Дверь открылась без стука. Он вошел так, как входят в собственную лечебную: не глядя на раненого, не глядя на сестру, глядя только на меня. На нем был тот же мундир, что утром, но ремень висел криво, и я впервые увидела, что пряжка расстегнута. Радан никогда не расстегивал пряжку в присутствии чужих. Это значило, что он пришел не как командор. Он пришел как человек, которому нужно было что-то сказать мне до того, как об этом узнает Исса.
— Выйди, — сказал он Тае, не повышая голоса.
Тая посмотрела на меня, и я кивнула. Сестра вышла, прижимая к груди мокрую тряпку, и дверь за ней закрылась, и в лечебной остались только я, Радан и Степан на столе, который был слишком узок для взрослого мужчины. Степан не шевелился. Я не знала, слышал ли он вообще, что сюда вошел тот, кто подписал ему приговор.
Радан остановился в двух шагах от меня. Я чувствовала запах его плаща: мокрая шерсть, холодный металл, и под ними что-то, чему я не хотела называть имени. Он пришел пешком через двор, под дождем, без стражи. Он пришел один.
— Ты слышала, что сказала Исса, — сказал он. Это был не вопрос.
— Я слышала, что она подаст жалобу в совет, — ответила я. — На заложницу, которая входит в лечебную без ключницы. И на командора, который это позволяет.
Радан чуть двинул челюстью. Я знала эту его привычку: когда он хотел сказать что-то жесткое, но не мог себе позволить. Я ждала. Он молчал, и в этом молчании я услышала больше, чем в любом его приказе за все утро.
— Я не позволю ей войти в каземат, — сказал он наконец. — Это не ее право. Не сейчас.
— А когда будет ее право? — спросила я, и собственный голос показался мне чужим. — После свадьбы? После того, как совет снимет с тебя подозрение и ты снова наденешь ремень как следует?
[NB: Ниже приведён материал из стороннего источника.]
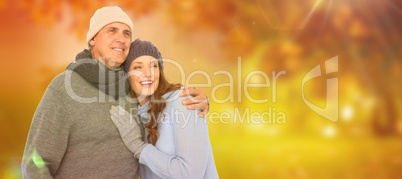 Composite image of couple in warm clothing embracing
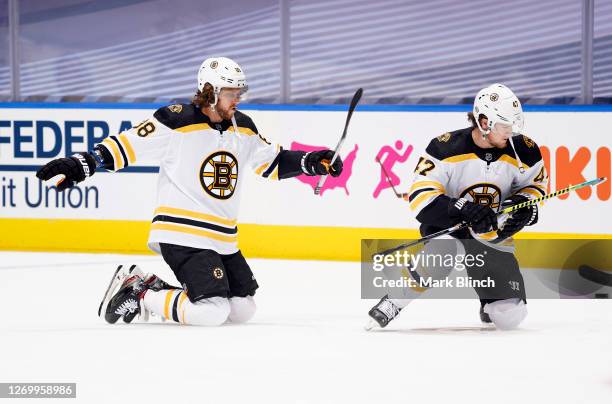 David Pastrnak and Torey Krug of the Boston Bruins warm up before Game Five of the Eastern Conference Second Round of the 2020 NHL Stanley Cup...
Он не ответил. Он смотрел на мою руку, и я опустила глаза и увидела то, что он увидел: на пальцах у меня была его кровь, под ногтями засохла чужая, и между ними, на среднем пальце правой руки, проступала третья буква. Маленькая, кривая, похожая на рогатую Е. Я почувствовала, как у меня похолодели кончики пальцев. Я не знала этой буквы. Я не знала, чье это имя. Я только знала, что оно идет из его тайных приказов, из тех, что он не показывал совету, и теперь оно проступало на мне по одной букве за ночь, и до сих пор я видела только Л и А, а теперь к ним добавилась эта, третья, и договор чести работал через мою кожу жестче, чем любой допрос.
Радан сделал шаг ко мне. Я не отступила. Я стояла между ним и столом, на котором лежал человек, чью кровь я только что вытирала с его виска, и это было неправильное место для того, что он хотел сделать, и он это знал. Он остановился так близко, что я чувствовала тепло его груди через мокрый плащ.
— Покажи руку, — сказал он тихо.
— Нет, — ответила я.
— Это не просьба.
— Я и не думала, что ты умеешь просить.
Он поднял руку и остановился в воздухе между нами, не касаясь меня. Я видела, как у него дрогнули пальцы. Он считал это победой, каждое такое движение, пока я не отнимала руку, но я не отняла, и он не коснулся, и мы простояли так целую минуту, и за эту минуту Степан на столе сделал один ровный вдох, и где-то в коридоре зашептались громче, и я услышала, как в лечебную вошла Марта, остановилась у двери и молча смотрит на нас.
— Командор, — сказала ключница ровно, и в ее голосе было столько льда, что я удивилась, как он не тает на ее губах. — Заложнице пора в гостевую. У нее после обеда три свидетеля, и она не может принимать их здесь.
Радан опустил руку. Он посмотрел на меня в последний раз, и я увидела в его глазах что-то, чему я отказывалась верить. Не вину. Не злость. Что-то похожее на то, что человек чувствует, когда понимает, что его поступок уже стоил кому-то слишком дорого и обратного хода нет.